Bulgarian footballer

Daniel Peev (Даниел Пеев; born 6 October 1984) is a Bulgarian retired footballer who played as a left attacking midfielder. Daniel is also the younger brother of Georgi Peev.

==Career==
Daniel had short reigns at Lokomotiv Sofia and Levski Sofia. Later he joined Rodopa Smolyan where he played 4 years, making 83 appearances and scoring 14 goals.

Peev signed a two years contract with Pirin Blagoevgrad in July 2008. On 29 April 2009, he scored the only goal for his team in the 1:0 win against Levski Sofia in a 1/2 final of the Bulgarian Cup. During 2008–09 season, Peev became the only footballer who was able to score against all metropolitan teams - Levski Sofia, CSKA Sofia, Lokomotiv Sofia and Slavia Sofia. In his first season in Pirin, Peev earned 33 appearances, netting seven goals. In the first half of season 2009-10 he earned 15 appearances, netting four goals.
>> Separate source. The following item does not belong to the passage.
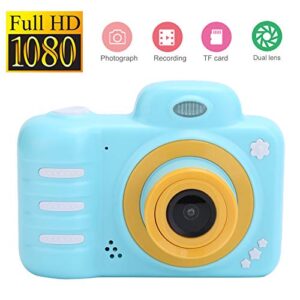 Children Video Record Camera, Dual Lens 2.4in 1080P Kid Camera Toys, Support Continuous Shooting, Time Lapse Photography, Gift for Children on Children's Day, Birthday, Christmas (Blue)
In December 2009, it was announced in the Bulgarian media that Slavia Sofia are having an interest in signing the midfielder to the club. On 28 December, Slavia signed Peev for a two-a-half-year deal.

In 2012 he returned to Lokomotiv Sofia, helping the struggling team avoid relegation.

In January 2014, Peev relocated to Kazakhstan, signing a contract for one year with newly promoted Kazakhstan Premier League club Spartak Semey. Spartak Semey were relegated following the conclusion of the season and Peev joined Croatian club NK Osijek in February 2015.

On 20 June 2017, Peev signed with Vitosha Bistritsa. On 28 April 2018, he scored the only goal in the 1:0 victory over Cherno More Varna, helping the "tigers" from Bistritsa secure their first ever win in the top flight of Bulgarian football.